Beans
- Bean object forms the backbone of your application.
- Spring IoC container is responsible for instantiating, assembling, and managing the beans.
- Creation of beans takes place with the help of the configuration metadata that you supply to the container.
- Bean Scopes :
- singleton limits the scope of the bean definition to a single instance per Spring IoC container (default).
- prototype limits the scope of a single bean definition to have any number of object instances.
- request limits the scope of a bean definition to an HTTP request.
- session limits the scope of a bean definition to an HTTP session.
- global-session limits the scope of a bean definition to a global HTTP session.
Dependency Injection –
- It is a technique whereby one object (or static method) supplies the dependencies of another object.
- It is a design pattern that helps us implement IoC.
- This technique allows the creation of dependent objects outside of a class and provides those objects to a class in different ways.

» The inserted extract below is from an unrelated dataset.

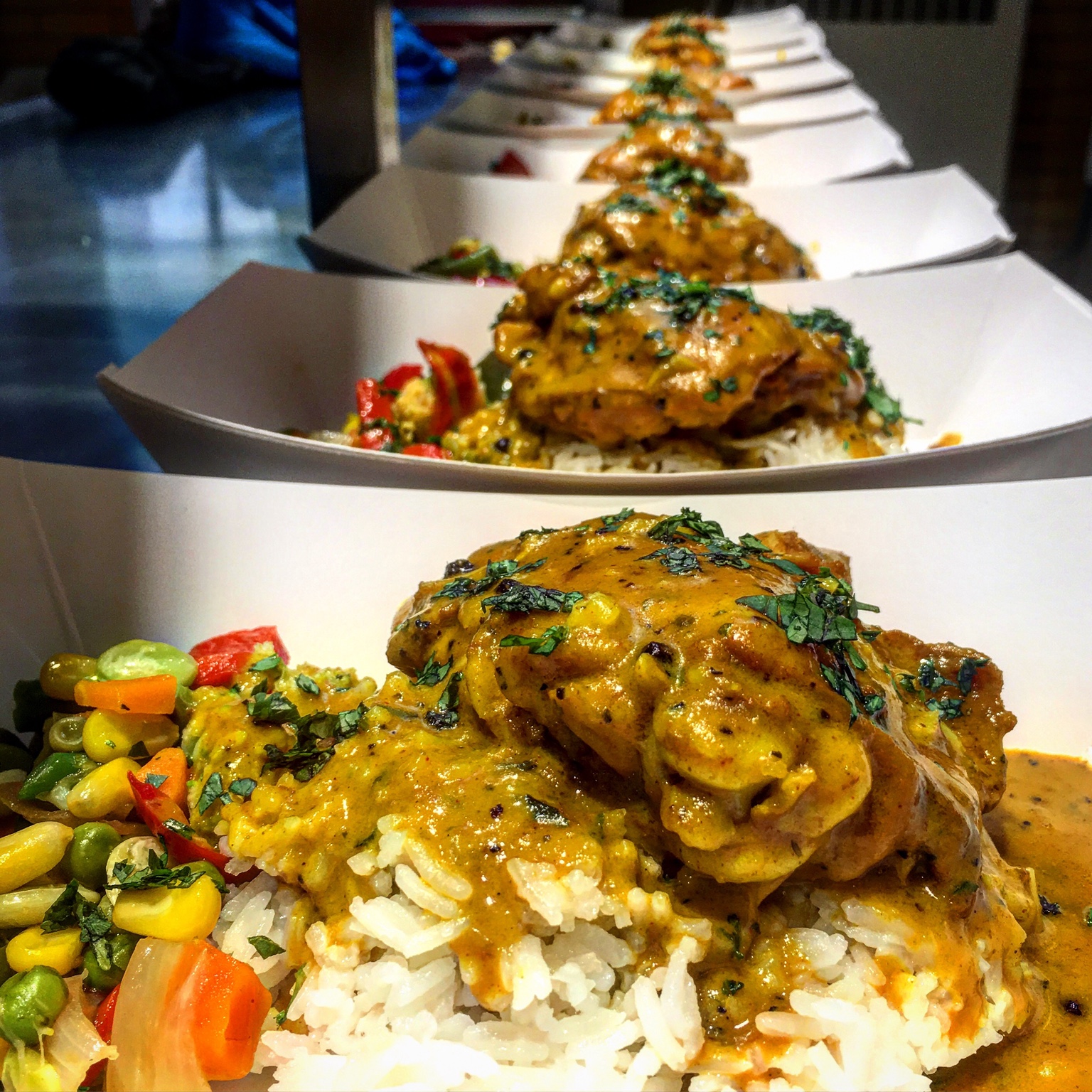 Curry chicken with rice and vegetables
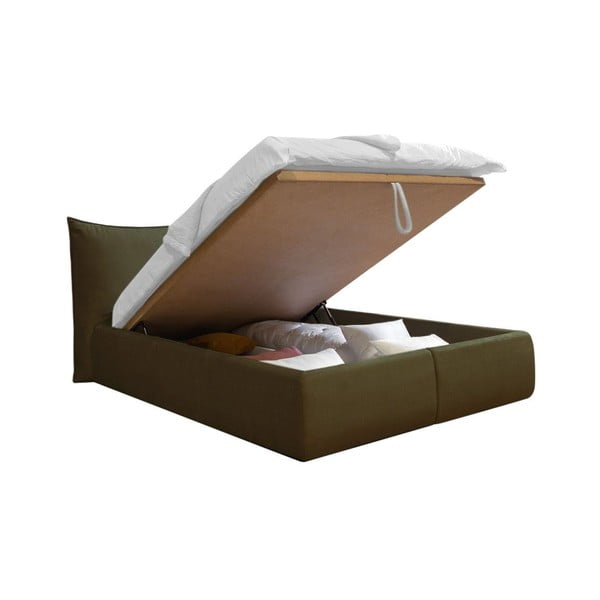 Pat matrimonial verde închis tapițat cu spațiu de depozitare cu somieră 180x200 cm Jade – Bobochic Paris-image-3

- It helps to move the creation and binding of the dependent objects outside of the class that depends on them.
- Types of DI :
- Constructor-based DI is a dependency injection where the spring container invokes the class constructor along with some arguments, each argument representing a dependency on the other class.
- Setter-based DI is a dependency injection where after invoking a no-argument constructor or no-argument static factory method, the spring container calls the setter methods on the bean to instantiate the bean.
IOC Containers –
- The Spring or IOC container is the core of the Spring Framework.
- It will create the objects, wire them together, configure them, and manage their complete life cycle from creation till destruction.
- The container will get instructions on what objects to instantiate, configure, and assemble by reading the configuration metadata provided.
- It makes use of Java POJO classes and configuration metadata to produce a fully configured and executable system or application.
- Types of a container –
- BeanFactory provides the basic support for DI and is defined by the org.springframework.beans.factory.BeanFactory interface.
- ApplicationContext is defined by the org.springframework.context.ApplicationContext interface. It adds more enterprise-specific functionality. For instance, it resolves textual messages from a properties file and publishes the application events to interested event listeners.